2 min read

`pyssg.plugins.content_meta`

Content-meta plugin: TOC/outline, word count, reading time, excerpt.

Runs in the parse phase at stage 300, i.e. after the markdown plugin (stage 200) has populated node.ast with the heading tree (Python-Markdown toc_tokens), node.meta["content_html"] and node.meta["title"]. This plugin only reads those derived facts plus the raw body and writes four new node.meta keys; it owns no graph algorithm or cache state (plugins declare facts, the engine owns invalidation).

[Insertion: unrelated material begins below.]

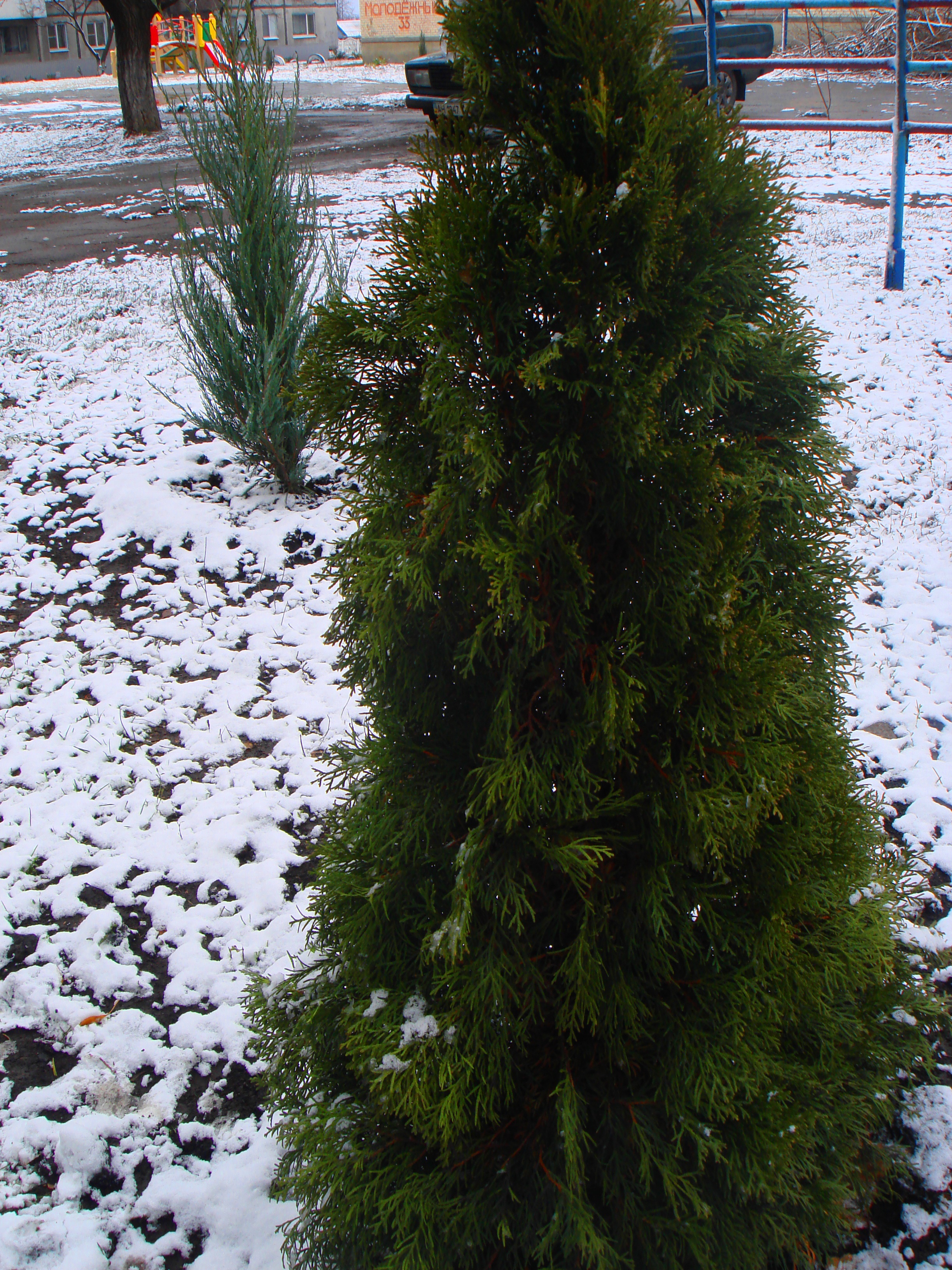 DSC00055-2.jpg
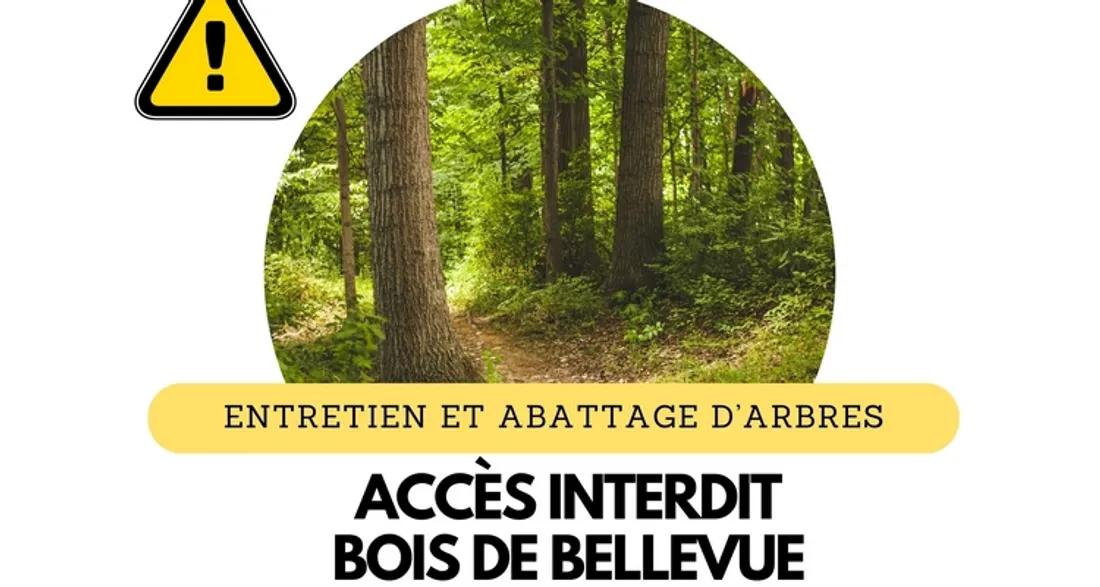 Interdiction de se promener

Every computation here is pure: it depends solely on the declared inputs, never on a clock or randomness, so two builds of the same input are byte-identical.

This module is pure standard library; the markdown engine lives in the markdown plugin, never in pyssg.core.

`slugify(text: str) -> str`

Return a GitHub-style slug for a heading.

Rules, applied in order:

NFC-normalise so visually identical strings slug identically (determinism).
Lowercase and strip surrounding whitespace.
Replace each run of whitespace with a single hyphen.
Remove every character that is not a Unicode word char or a hyphen. Unicode letters are kept (no ASCII folding), so a Vietnamese heading such as "Giới thiệu" yields a readable "giới-thiệu".
Collapse runs of hyphens and trim leading/trailing hyphens.

Empty or whitespace-only input returns "".

`outline(toc_tokens: object) -> list[dict[str, object]]`

Flatten Python-Markdown toc_tokens into a flat TOC in document order.

toc_tokens is the nested heading tree the toc extension records on the parser -- each node a {"level", "id", "name", "children"} dict -- which the markdown plugin copies onto node.ast. Each returned entry is {"level": int, "text": str, "slug": str} where slug is the heading's id (so in-page anchors always resolve and text carries no markup). The list stays flat (one entry per heading), walked depth-first; nesting is a presentation concern left to the consumer. Input that is not the expected shape yields an empty list.

`reading_time(word_count: int) -> int`

Estimated reading time in whole minutes, at least 1.

max(1, round(word_count / WORDS_PER_MINUTE)) so even a near-empty document reports one minute rather than zero.

`first_paragraph_excerpt(plain_text: str, limit: int = _EXCERPT_LIMIT) -> str`

Derive a plain-text excerpt from the first paragraph.

Takes everything up to the first blank line (the first paragraph), collapses all internal whitespace to single spaces, and truncates to limit characters on a word boundary, appending an ellipsis when content was cut. Returns "" for empty input.

`class ContentMetaPlugin`

Derives TOC, word count, reading time and excerpt from parsed Markdown.

`ContentMetaPlugin.apply(self, builder: Builder) -> None`

`content_meta() -> ContentMetaPlugin`

Factory used in pyssg.config.py.